Nie trudno się domyślić, że sytuacja dotyczy Francji. Rada miasta Metz zagłosowała za przyznaniem dotacji w wysokości 490 000 euro na budowę dużego meczetu mieście. Dzieje się to w kraju, gdzie ciągle brakuje pieniędzy na renowację zabytkowych kościołów, które na początku XX wieku znacjonalizowano.
Nowy meczet zbudowany przy wsparciu „laickiej” Republiki ma pomieścić nawet 4000 wiernych. W tej sprawie w radzie zaprotestowali w czasie głosowania 15 lipca, tylko radni Zjednoczenia Narodowego (RN).
Projekt budowy świątyni jest prowadzony jest przez Stowarzyszenie Wielkiego Meczetu-Centrum Kultury. Ten drugi człon nazwy ma właśnie pozwolić na udzielanie dotacji. Stowarzyszenie zebrało 15 milionów euro z „datków wiernych”.
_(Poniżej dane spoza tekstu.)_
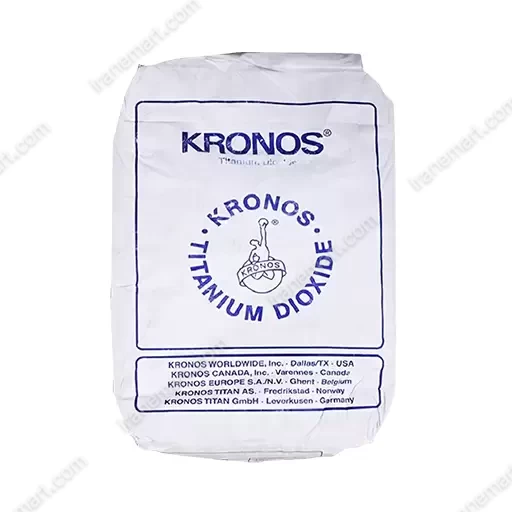 تیتان کرونوس 2220 KRONOS titanium dioxide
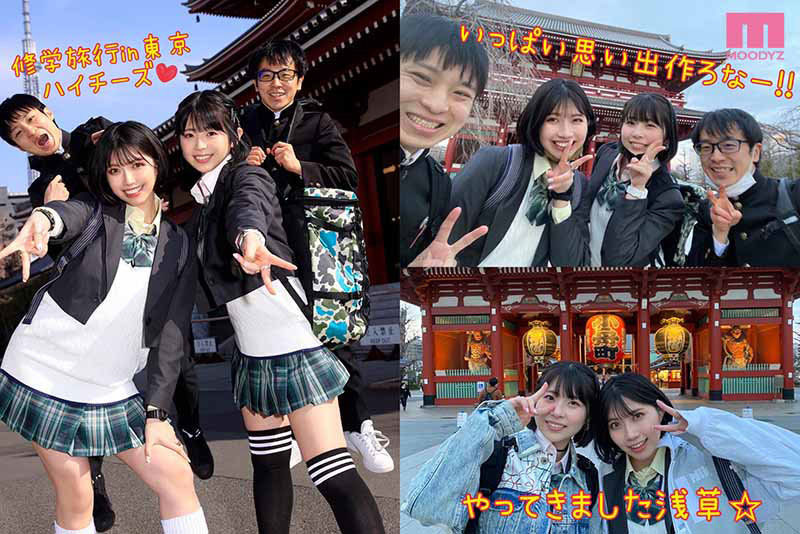 石原希望、葵いぶき(葵伊吹)合演作品MIDV-154剧情介绍及封面预览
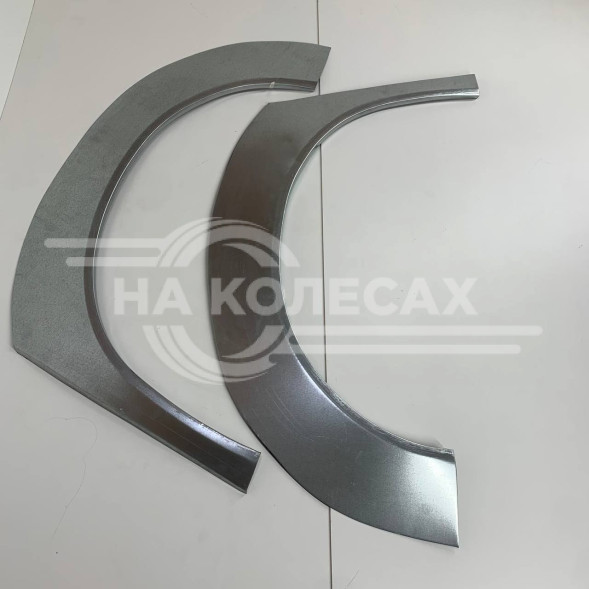 Ремонтные задние арки Nissan Armada I, Infinity QX56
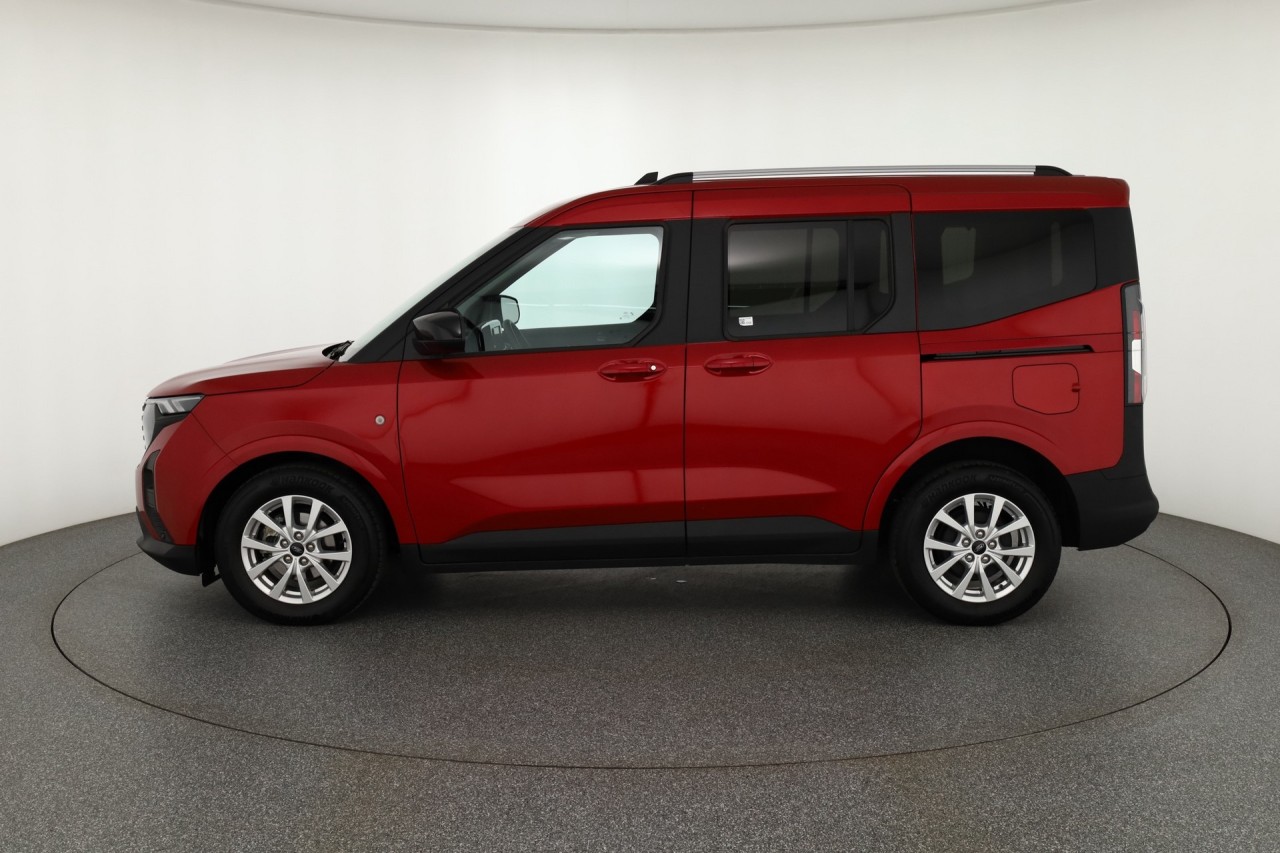 Ford Tourneo Courier Titanium 1.0 EB Aut.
Data oddania do użytku dużego meczetu w Metz została wyznaczona na rok 2025. Gmina już od kilu lat wspomaga ten projekt i w 2013 roku miasto wydzierżawiło stowarzyszeniu pod budowę działkę o powierzchni ponad hektara za jedynie symboliczną kwotę.
Mer miasta to Dominique Grosdidier, polityk centroprawicowy, ale dość „postępowy”. Ten akurat zachowuje pewien dystans wobec finansowania budowy wielkiego meczetu. W mieście jest około 10 tego typu świątyń.
Miejscowi wyznawcy islamu są zaangażowani politycznie i warto dodać, że na stronach Wielkiego Meczetu pojawił się niedawno np. apel do „wiernych” o „powszechną mobilizację i zatrzymanie w wyborach Zjednoczenia Narodowego”.